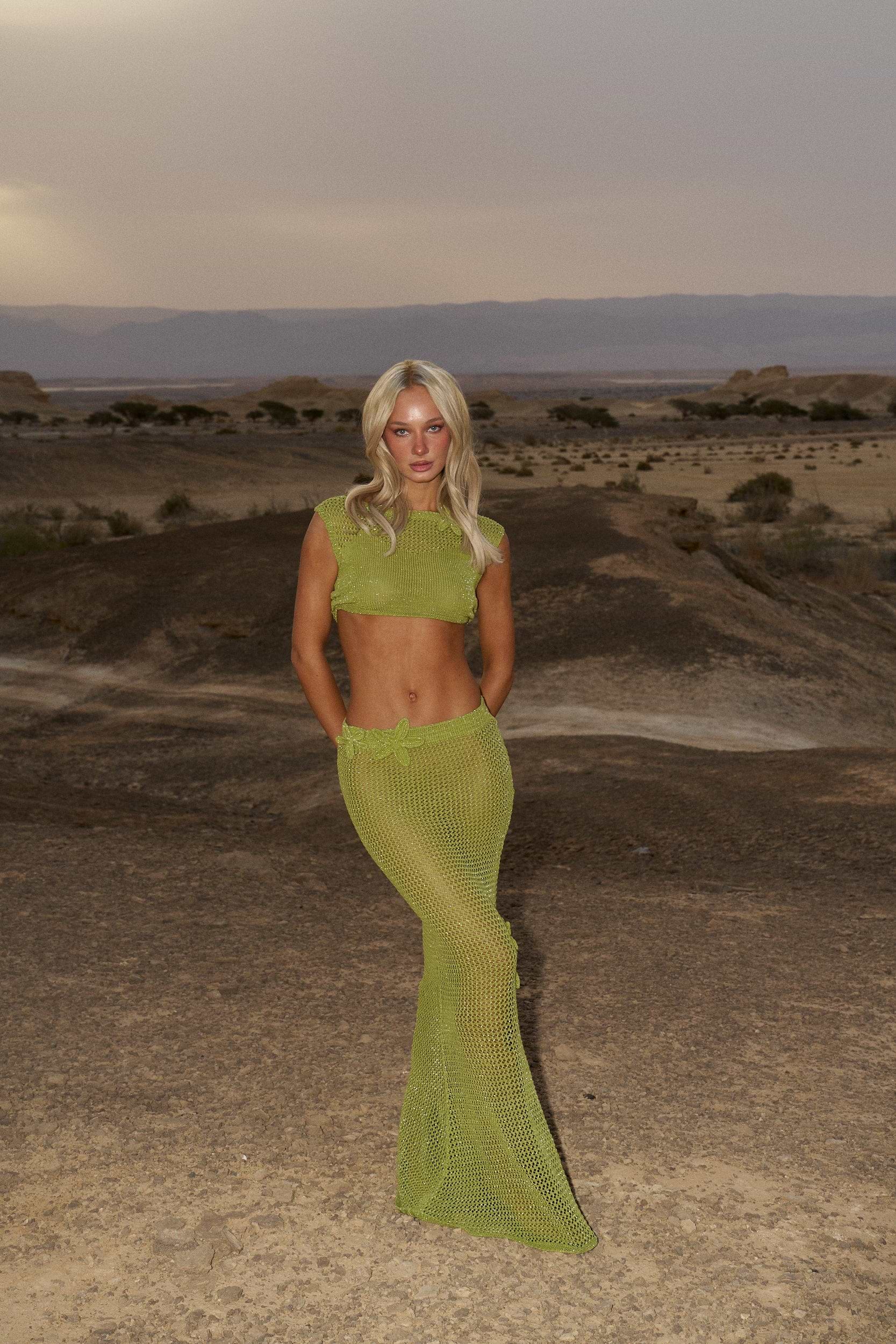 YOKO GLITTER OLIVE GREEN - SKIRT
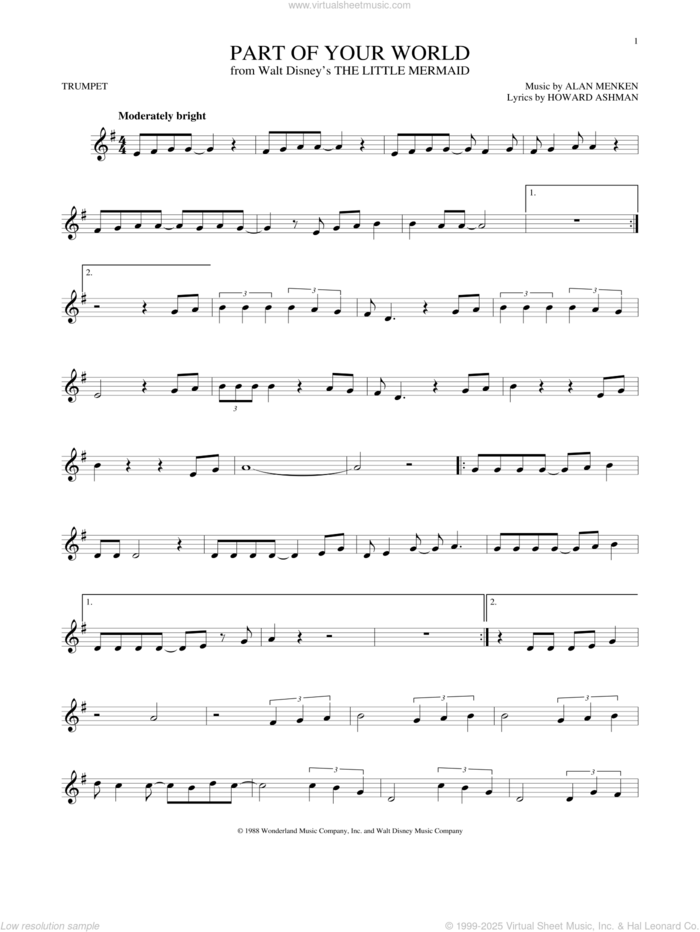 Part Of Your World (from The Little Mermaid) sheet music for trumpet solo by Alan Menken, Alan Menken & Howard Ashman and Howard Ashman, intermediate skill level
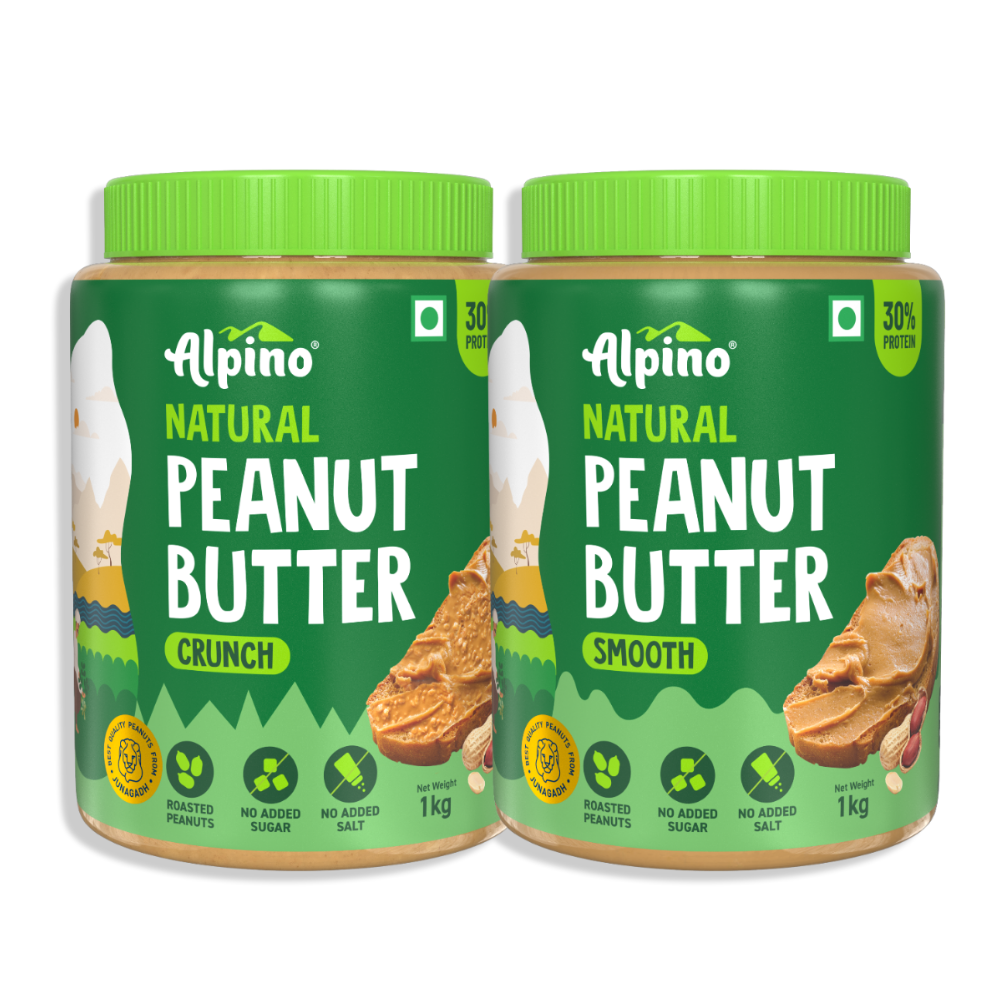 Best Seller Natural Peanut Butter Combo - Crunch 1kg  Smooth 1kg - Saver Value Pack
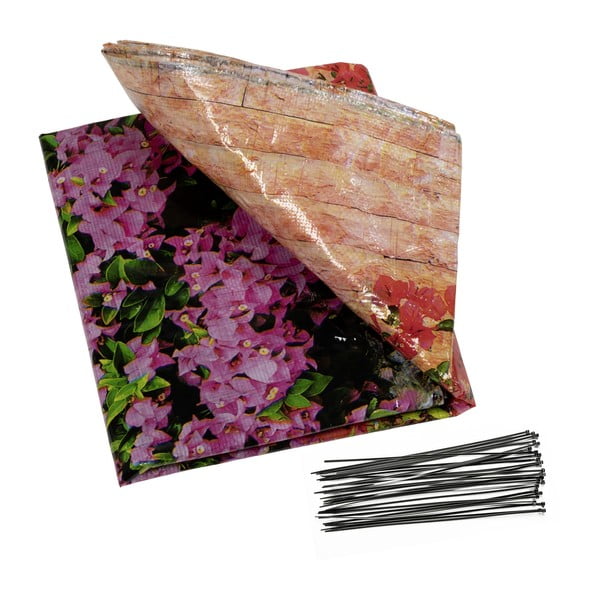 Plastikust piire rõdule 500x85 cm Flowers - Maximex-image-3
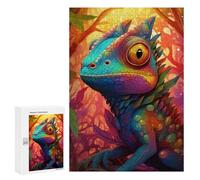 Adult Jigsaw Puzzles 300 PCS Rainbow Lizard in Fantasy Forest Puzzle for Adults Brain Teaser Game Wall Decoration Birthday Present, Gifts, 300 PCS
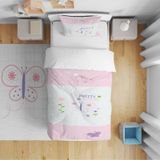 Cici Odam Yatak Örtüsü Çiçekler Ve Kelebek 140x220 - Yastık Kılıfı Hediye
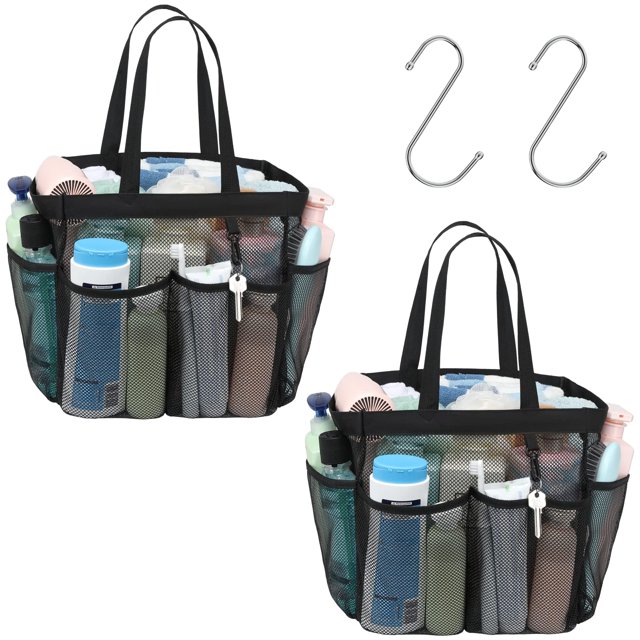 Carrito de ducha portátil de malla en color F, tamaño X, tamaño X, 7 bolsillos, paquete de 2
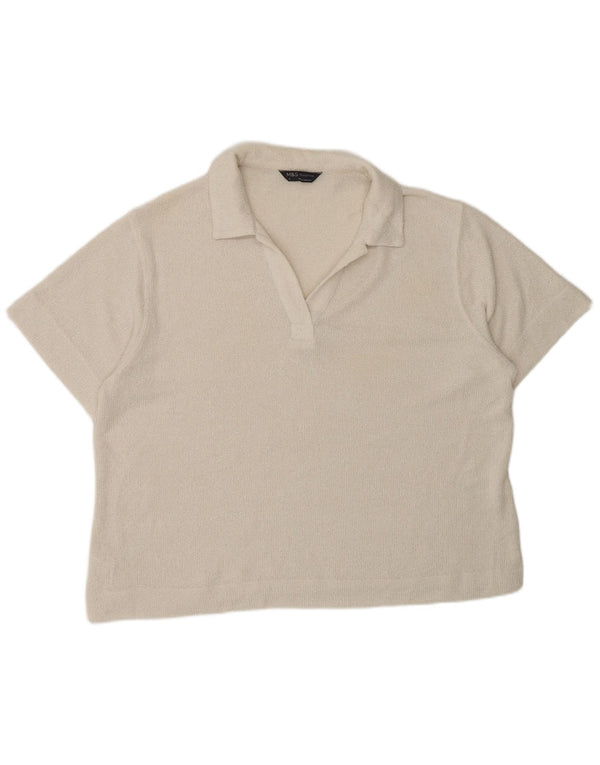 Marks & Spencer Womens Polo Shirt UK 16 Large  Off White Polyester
+++++
- BRIEF:
Transcribe the whole listing above exactly and leave out the pictures.

- YOUR SOLUTION:
 YOKO GLITTER OLIVE GREEN - SKIRT
 Part Of Your World (from The Little Mermaid) sheet music for trumpet solo by Alan Menken, Alan Menken & Howard Ashman and Howard Ashman, intermediate skill level
 Best Seller Natural Peanut Butter Combo - Crunch 1kg  Smooth 1kg - Saver Value Pack
 Plastikust piire rõdule 500x85 cm Flowers - Maximex-image-3
 Adult Jigsaw Puzzles 300 PCS Rainbow Lizard in Fantasy Forest Puzzle for Adults Brain Teaser Game Wall Decoration Birthday Present, Gifts, 300 PCS
 Cici Odam Yatak Örtüsü Çiçekler Ve Kelebek 140x220 - Yastık Kılıfı Hediye
 Carrito de ducha portátil de malla en color F, tamaño X, tamaño X, 7 bolsillos, paquete de 2
 Marks & Spencer Womens Polo Shirt UK 16 Large  Off White Polyester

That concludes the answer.